Adbhar (historically Ashtadwar) is a historical town and a nagar panchayat in Sakti district in the state of Chhattisgarh in India.

History
Thirteen photos from the town have been preserved at British Library. Ancient copper plates issued by a historical king NannaRaja  from capital of Sirpur, dating back to the 7th century  have been collected from the town. Four books of exact sciences in Sanskrit have been collected by an American mathematician David Pingree from this town indicating the town's intellectual and social role since ancient times.
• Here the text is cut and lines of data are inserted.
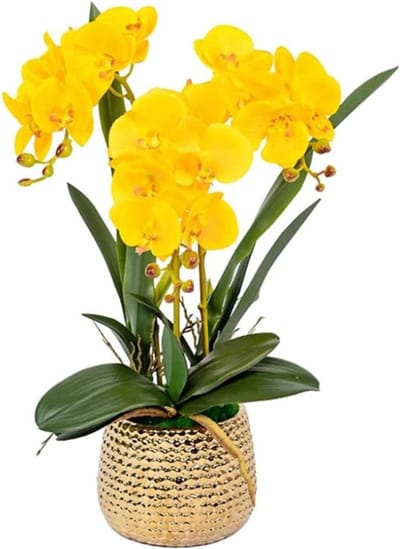 Kunstbloemen met vaas - Nepbloemen decoratie - Woonkamer aankleden - Levensechte uitstraling - 54 cm hoog - Gouden vaas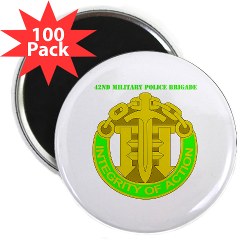 42MPB - M01 - 01 - DUI - 42nd Military Police Brigade with text - 2.25" Magnet (100 pack) - Click Image to Close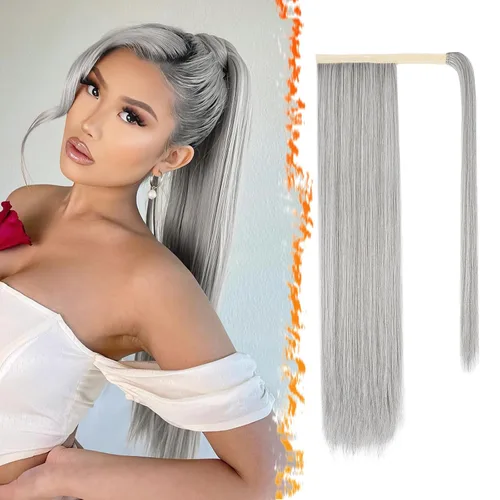 Vista 41 de BARSDAR Extensión de Cola de Caballo Corta y Recta - Extensiones de Cabello de Cola de Caballo con Cordón de 14 Pulgadas en Negro para Mujeres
Apart from that the town has also remains of Jain and Buddhist cultures, a number of Shiva lingas, large numbers of lakes (and ponds) which used to be 126 in numbers as believed locally, remains of moat of ancient kings and a lake (pond) with endangered species of giant sized Leatherback freshwater Turtle.

Demographics
As per 2011 census, the town had population of 7,272 of which 3,572 are males while 3,700 are females. Population of Children with age of 0-6 is 897 which is 12.33% of total population. Female Sex Ratio is of 1036 against state average of 991. Moreover, Child Sex Ratio in Adbhar is around 1039 compared to Chhattisgarh state average of 969.Literacy rate  is 73.74% higher than state average of 70.28% with Male literacy around 82.31% while female literacy rate is 65.46%.Schedule Caste (SC) constitutes 24.71% while Schedule Tribe (ST) were 11.01% of total population. The population includes majority of Hindu population while Muslims and Christians are minority and very few in numbers.

Temples
The Ashtabhuji Temple of the town (historically a Shiva temple) is considered to be one of the great Shaktipeethas of Goddess Durga with a rare life sized idol of Goddess Ashtabhuji  and which is in good condition.

Transport
The town is well connected at a distance of 10 km south-east from Sakti railway station of Howrah–Nagpur–Mumbai line and 10 km south-west from Kharsiya railway station in the same railway line and 10 km from National Highway 200 at Sakti. Nearest domestic airport is Raipur airport at a distance of 200 km.